Rival militias wage turf war near Tripoli
One local official was killed and a militia base reduced to ruins in a clash between rival armed groups near the Libyan capital, the latest flare-up of tension between militias that is destabilising the new Libya.
Two months after Muammar Gaddafi was killed, Libya's new government is still unable to impose its authority on the ground.
The violence in Janzour, a town about 17 km west of the capital, demonstrated that these militias remain the biggest threat to Libya's security despite attempts by the newly-formed interim government to get them under control.
The incident began early on Friday morning, when Ashraf Abdelsalam Al-Marni Swayha, deputy head of the Janzour military council, approached a checkpoint in the town with his driver.
The checkpoint was manned by a militia unit made up largely of fighters from Zintan, played a big role in ousting Gaddafi.
According to Abdelnasser Frandah, head of the local council in Janzour, when the fighters at the checkpoint stopped Swayha's car, he told them he was deputy head of the local militia.
"They answered him: 'We do not care about the Janzour military council.' He ordered his driver to go and they started shooting at him," Frandah told Reuters yesterday. "He fell as a martyr and the driver was slightly injured."

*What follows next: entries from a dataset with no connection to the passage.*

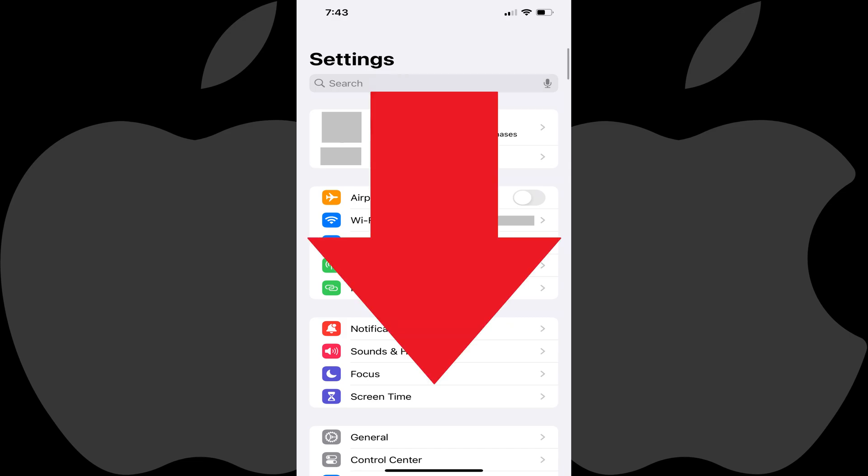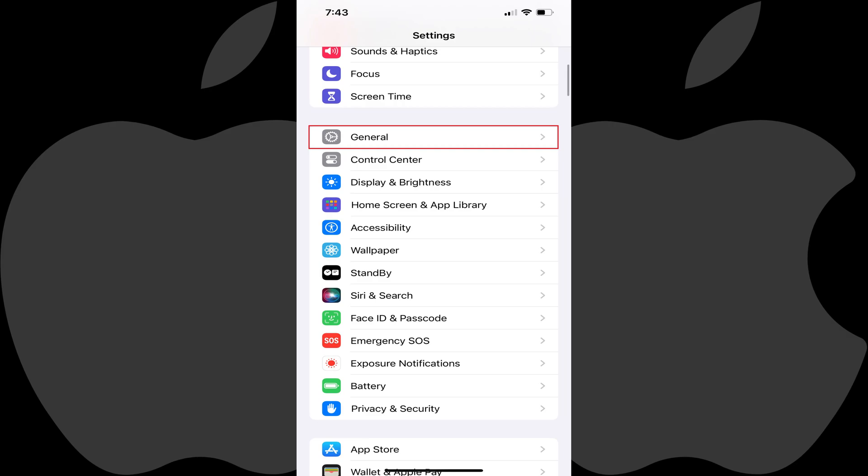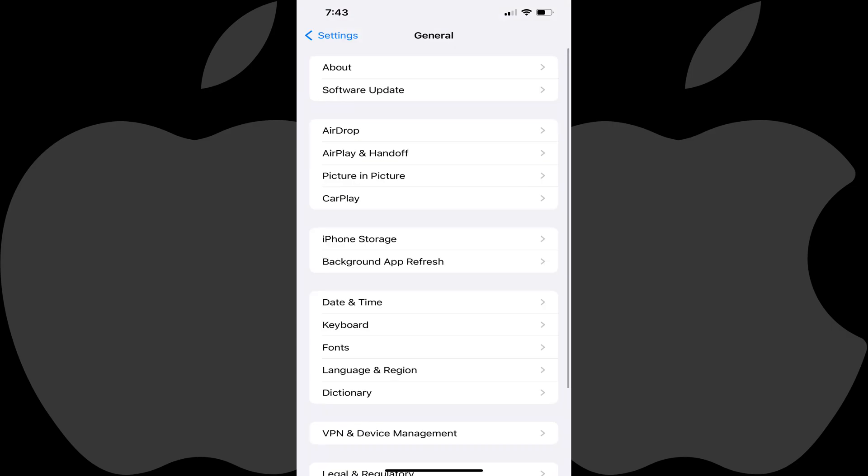Step 2: Scroll down this menu and then tap General. The General screen is shown.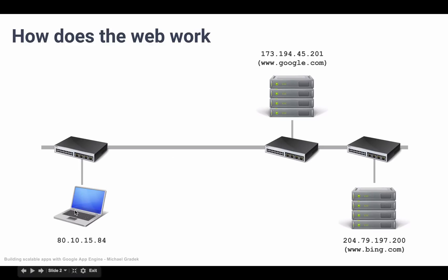So if we were to, for example, try to access google.com, what will happen is that we are sending out information and these routers will help us reach our destination. If I were to go to google.com, this router, which could possibly be the router inside our home or inside our office, would direct me in this direction.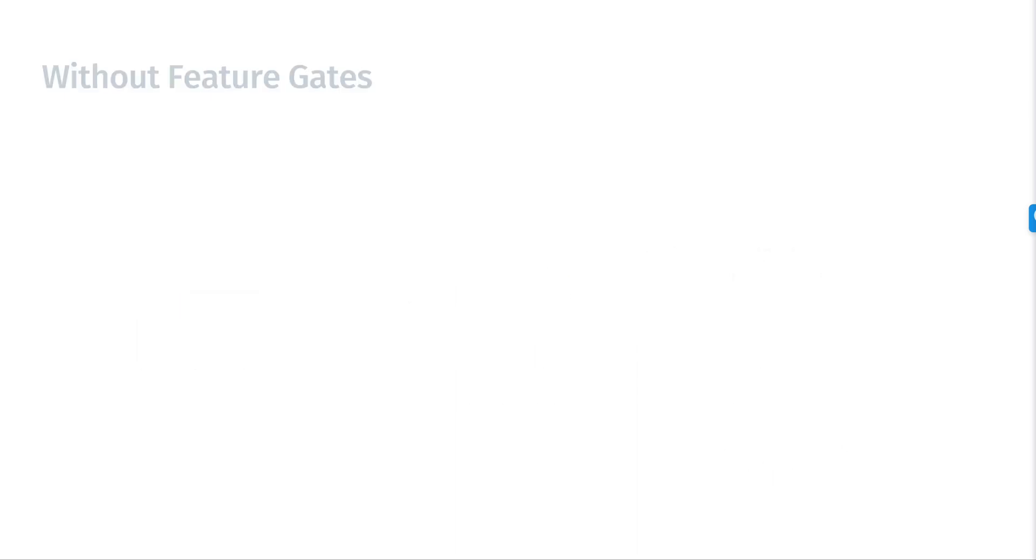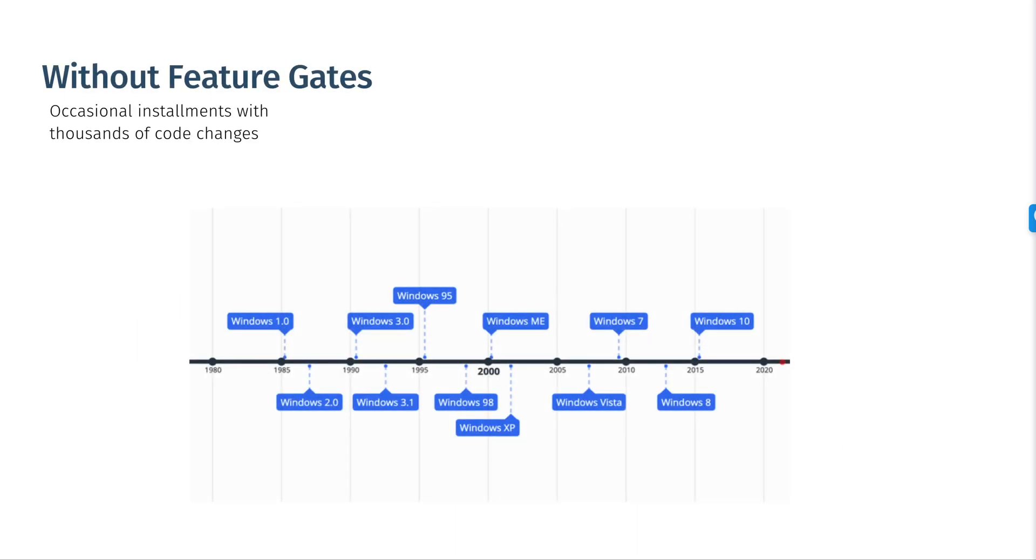Think about the Microsoft Windows launches. Every version until Windows 10 had thousands of code changes packed together and took about two years to ship.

In a report released last week, the United Nations identified Libya's disparate militias as "a major challenge continuing to face the National Transitional Council," the interim leadership which replaced Gaddafi.
Following some recent incidents, the transitional council convened tribal leaders at a conference aimed at reconciling rival groups. But the latest violence in Janzour suggests that the conference did not work.